Problem details -> Please return every line of the material verbatim and skip any images.

==== Data extract ====

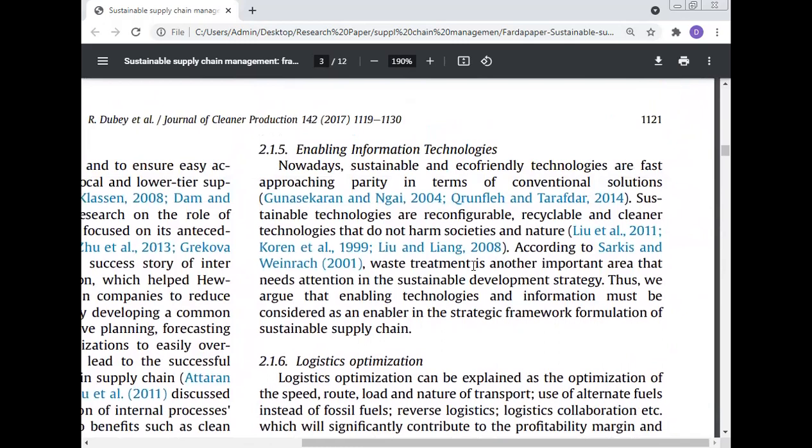Enabling information technology: Sustainable and eco-friendly technologies are fast approaching parity with conventional solutions. Sustainable technologies are refundable, reconfigurable, recyclable, and cleaner technologies that don't harm society and nature. Waste treatment is another important area that needs attention in sustainable development strategy. Thus, enabling technology and information must be considered as an enabler in the strategic framework formulation of the sustainable supply chain.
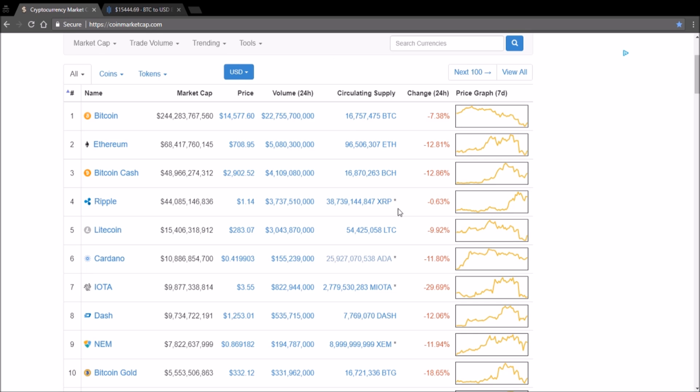So that is it for today. It is kind of sad to see these kind of drops but at the same time this is when you can get those great deals on the best cryptocurrencies. So I'll leave you guys at that. If you guys like this kind of content, like this video, comment below and smash that subscribe button.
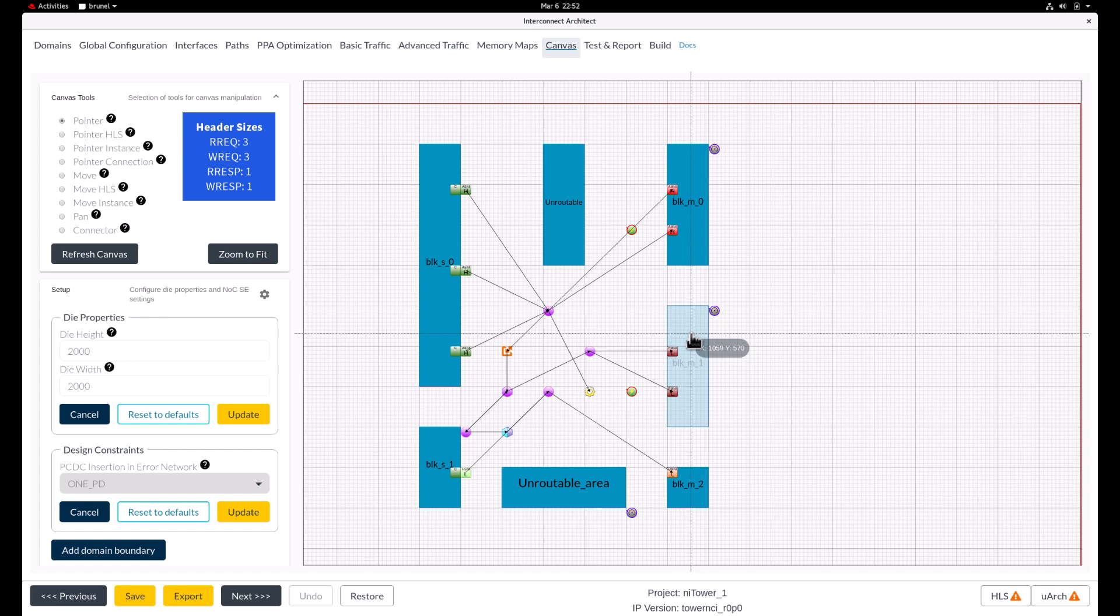If you want extra performance in certain paths or save area, then you can manually modify the flit size and channel credits on those paths accordingly.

====

Problem solution ->
Enabling information technology: Sustainable and eco-friendly technologies are fast approaching parity with conventional solutions. Sustainable technologies are refundable, reconfigurable, recyclable, and cleaner technologies that don't harm society and nature. Waste treatment is another important area that needs attention in sustainable development strategy. Thus, enabling technology and information must be considered as an enabler in the strategic framework formulation of the sustainable supply chain.
So that is it for today. It is kind of sad to see these kind of drops but at the same time this is when you can get those great deals on the best cryptocurrencies. So I'll leave you guys at that. If you guys like this kind of content, like this video, comment below and smash that subscribe button.
If you want extra performance in certain paths or save area, then you can manually modify the flit size and channel credits on those paths accordingly.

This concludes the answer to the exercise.